The dispute over Iran’s involvement is but one of a host of tension points between the United States and Russia. Russia also has pressed ahead with arms supplies to Syria despite firm warnings from the Americans not to do so.
Analysts say that Russia sees no reason to desist. If the United States and Europe decide to press ahead with their own weapons supplies, they will “be seen as undermining the peace process,” said Emile Hokayem, a Middle East analyst with the International Institute of Strategic Studies.
Russia’s approach is less a “crude power play” than a broader defense of its role in the world, Hokayem said. “There is no morality in Russian foreign policy, but there are principles: the principle of nonintervention and noninterference to protect Russian power and prestige and to allow it to conduct no-nonsense business with whomever it wants,” he said.
At the United Nations, Russia has a long list of grievances outside Syria, from the West’s push to recognize Kosovo, a territory of Moscow’s Serbian ally, to its history of overthrowing governments in Iraq, Afghanistan and Libya, generally with little regard for Russia’s preferences. Russia is convinced that Western powers, particularly Britain and France, are committed to using whatever parliamentary maneuvers they can in the Security Council to hasten the overthrow of Syrian President Bashar al-Assad.
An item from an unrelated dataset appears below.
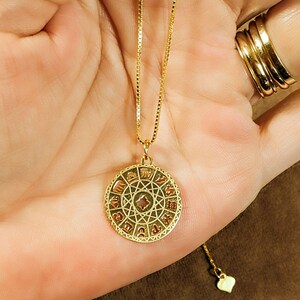 Zodiac Wheel Chart necklace, Gold - adjustable up to 24 inches - - LadybugfeetDesigns -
“They are afraid the camel might slip its nose under the tent,” said one U.N.-based diplomat, who like some others spoke on the condition of anonymity to be candid.
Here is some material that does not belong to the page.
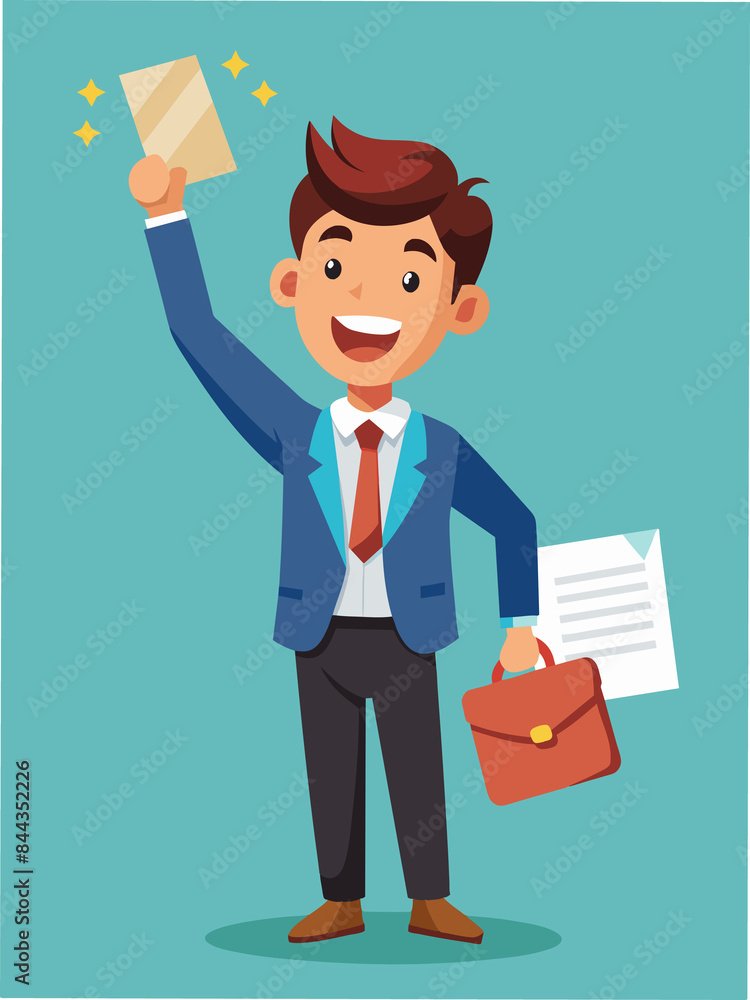 Young professional receiving a job offer letter, ecstatic Young professional receiving a job offer letter, ecstatic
Churkin has taken a certain pleasure in needling Rice, his American counterpart.
He has routinely thwarted her efforts to build political support in the Security Council for U.S.-led diplomatic initiatives on Sudan and South Sudan.
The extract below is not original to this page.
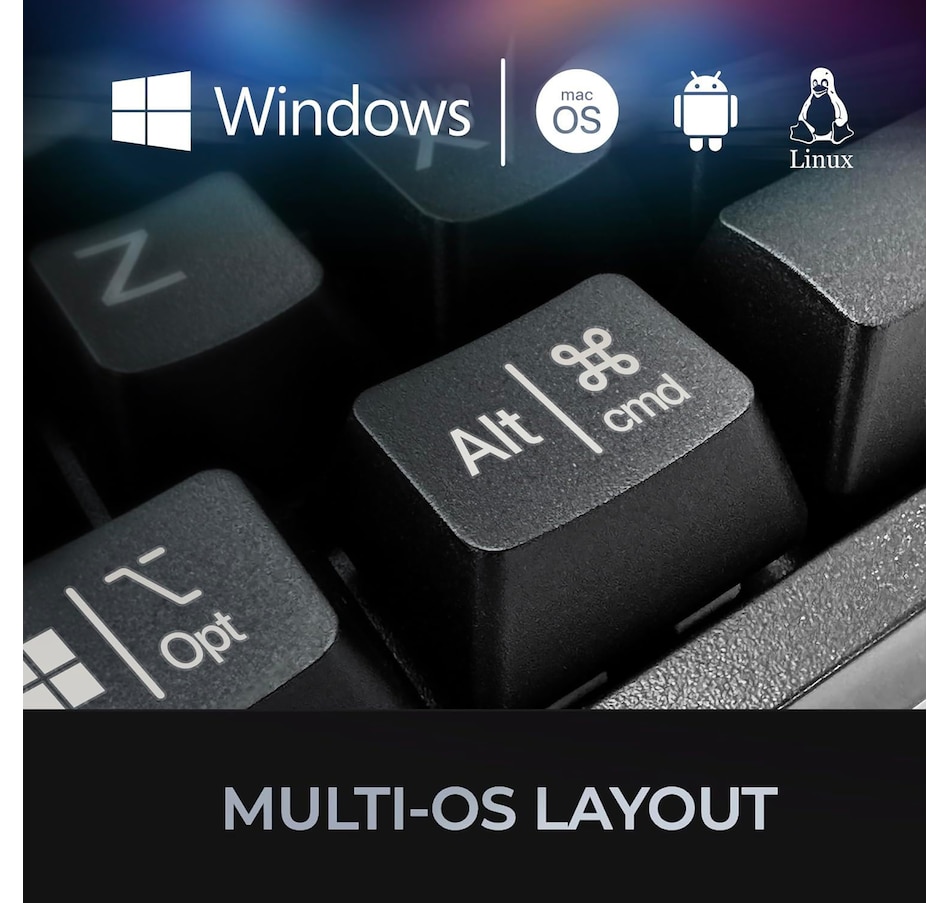 Image 701524_ALTMORE4.jpg, Product 701-524 / Price $72.99, Adesso Multi-OS Mechanical Keyboard with Copilot AI Hotkey from Adesso on TSC.ca's Electronics department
In March, the Russian envoy effectively derailed an effort by Rice to rally support for a Security Council statement urging South Sudan and Sudan to implement a set of agreements to define their separation. The objection was based not on any Russian opposition to the pacts but on the statement itself, which denounced Khartoum for launching an aerial bombardment campaign against targets in South Sudan.
“Compared to the Cold War days, the political and security differences between the United States and Russia are not nearly as deep these days. But sometimes it’s hard to tell by all the public acrimony between them in the council,” said Edward Luck, a historian and dean of the University of San Diego School of Peace Studies. “In some ways, the council serves as a public stage for acting out differences that sometimes don’t run that deep.”
Despite their differences, Churkin said he and Rice “have a very good personal and working relationship. Sometimes we have clashed, and sometimes we have clashed in a nasty way. . . . Do I do it on purpose? Of course not.”